Mount is MNT_LOCKED because we are CL_UNPRIVILEGED:
clone_mnt()
{
         /* Don't allow unprivileged users to reveal what is under a 
mount */
         if ((flag & CL_UNPRIVILEGED) && list_empty(&old->mnt_expire))
                 mnt->mnt.mnt_flags |= MNT_LOCKED;
}

We are CL_UNPRIVILEGED as when unshare -m we were in non-owner userns:
copy_mnt_ns() {
         if (user_ns != ns->user_ns)
                 copy_flags |= CL_SHARED_TO_SLAVE | CL_UNPRIVILEGED;
}

So, finally, if we want to make unmounts there we need to unshare -m 
from owner userns of mntns which we want to copy.

>
>> +	if (pm->nsid->user_ns &&
>> +	    switch_ns(pm->nsid->user_ns->ns_pid, &user_ns_desc, NULL) < 0)
>> +		goto err;
>>
>> -	list_for_each_entry(c, &pm->children, siblings) {
>> -		if (!strcmp(c->mountpoint, pm->mountpoint)) {
>> -			pr_debug("%d:%s is overmounted\n", pm->mnt_id, pm->mountpoint);
>> -			return MNT_UNREACHABLE;
>> +	if (!mnt_is_overmounted(pm)) {
>> +		mnt_path = get_clean_mnt(pm, mnt_path_tmp, mnt_path_root);
>> +		if (!mnt_path)
>> +			goto err;
>> +	} else {
>> +		/* Create helper mount namespace so we can unmount in it */
>> +		if (unshare(CLONE_NEWNS)) {
>> +			pr_perror("Unable to clone a mount namespace");
>> +			goto err;
>>   		}
>> -	}
>> +		if (mount("none", "/", NULL, MS_REC|MS_PRIVATE, NULL))
>> +			goto err;
>>
>> -	/*
>> -	 * To create a "private" copy, the target mount is bind-mounted
>> -	 * in a temporary place w/o MS_REC (non-recursively).
>> -	 * A mount point can't be bind-mounted in criu's namespace, it will be
>> -	 * mounted in a target namespace.
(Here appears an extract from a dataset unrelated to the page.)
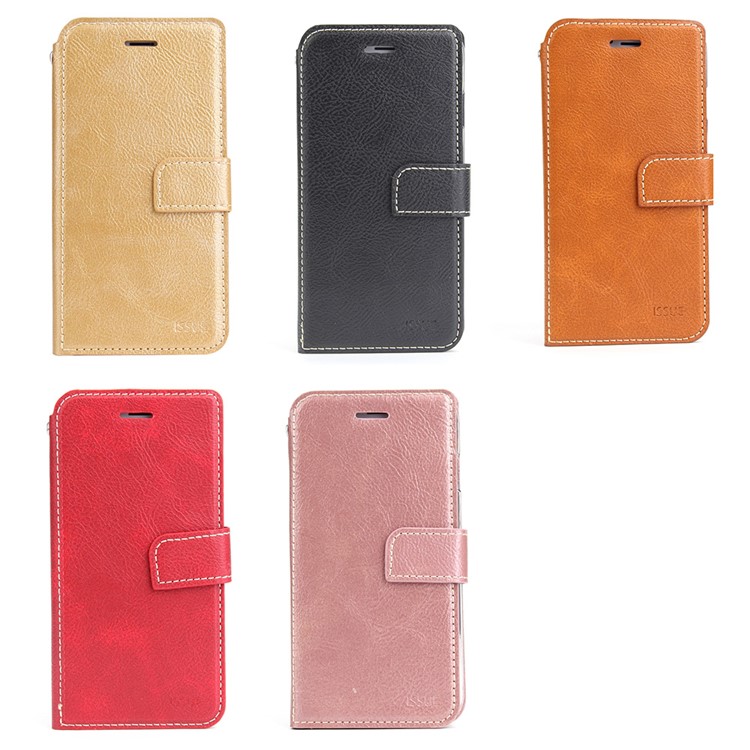 MOLAN CANO Wallet Stand Leather Flip Phone Case for iPhone 6s 6 4.7 - Brown-6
The sequence of actions is
>> -	 * mkdtemp, setns(tgt), mount, open, detach, setns(old).
>> -	 */
>> +		if (umount_overmounts(pm))
>> +			goto err;
>>
>> -	cwd_fd = open(".", O_DIRECTORY);
>> -	if (cwd_fd < 0) {
>> -		pr_perror("Unable to open cwd");
>> -		return -1;
>> +		mnt_path = get_clean_mnt(pm, mnt_path_tmp, mnt_path_root);
>> +		if (!mnt_path)
>> +			goto err;
>>   	}
>>
>> -	if (switch_ns(pm->nsid->ns_pid, &mnt_ns_desc, &ns_old) < 0)
>> -		goto out;
>> +	fd = open_detach_mount(mnt_path);
>> +	if (fd < 0)
>> +		goto err;
>>
>> -	mnt_path = get_clean_mnt(pm, mnt_path_tmp, mnt_path_root);
>> -	if (mnt_path == NULL) {
>> -		/*
>> -		 * We probably can't create a temporary direcotry,
>> -		 * so we can try to clone the mount namespace, open
>> -		 * the required mount and destroy this mount namespace
>> -		 * by calling restore_ns() below in this function.
>> -		 */
>> -		if (unshare(CLONE_NEWNS)) {
>> -			pr_perror("Unable to clone a mount namespace");
>> -			goto out;
>> -		}
>> +	/* Report fd to parent and wait until he he is done */
>> +	futex_set_and_wake(futex, fd + FUTEX_FD_SHIFT);
>> +	futex_wait_until(futex, FUTEX_FD_OK);
>> +	close(fd);
>> +	return 0;
>> +err:
>> +	futex_set_and_wake(futex, FUTEX_FD_ERR);
>> +	return -1;
>> +}
>>
>> -		fd = open(pm->mountpoint, O_RDONLY | O_DIRECTORY, 0);
>> -		if (fd < 0)
>> -			pr_perror("Can't open directory %s: %d", pm->mountpoint, fd);
>> -	} else
>> -		fd = open_detach_mount(mnt_path);
>> -	if (fd < 0)
>> -		goto out;
>> +int open_mountpoint(struct mount_info *pm)
>> +{
>> +	int fd = -1, pid = -1;
>> +	char mnt_path[PPFDS];
>> +	futex_t *futex = NULL;
>>
>> -	if (restore_ns(ns_old, &mnt_ns_desc)) {
>> -		ns_old = -1;
>> -		goto out;
>> +	/* No overmounts and children - the entire mount is visible */
>> +	if (list_empty(&pm->children) && !mnt_is_overmounted(pm))
>> +		return __open_mountpoint(pm, -1);
>> +
>> +	pr_info("Mount is not fully visible %s\n", pm->mountpoint);
>> +
>> +	futex = mmap(NULL, sizeof(*futex), PROT_WRITE | PROT_READ, MAP_SHARED | MAP_ANONYMOUS, -1, 0);
>
> It is ugly. You can try to create a new process with CLONE_VM, but I
> think we should avaoid of forking a new process.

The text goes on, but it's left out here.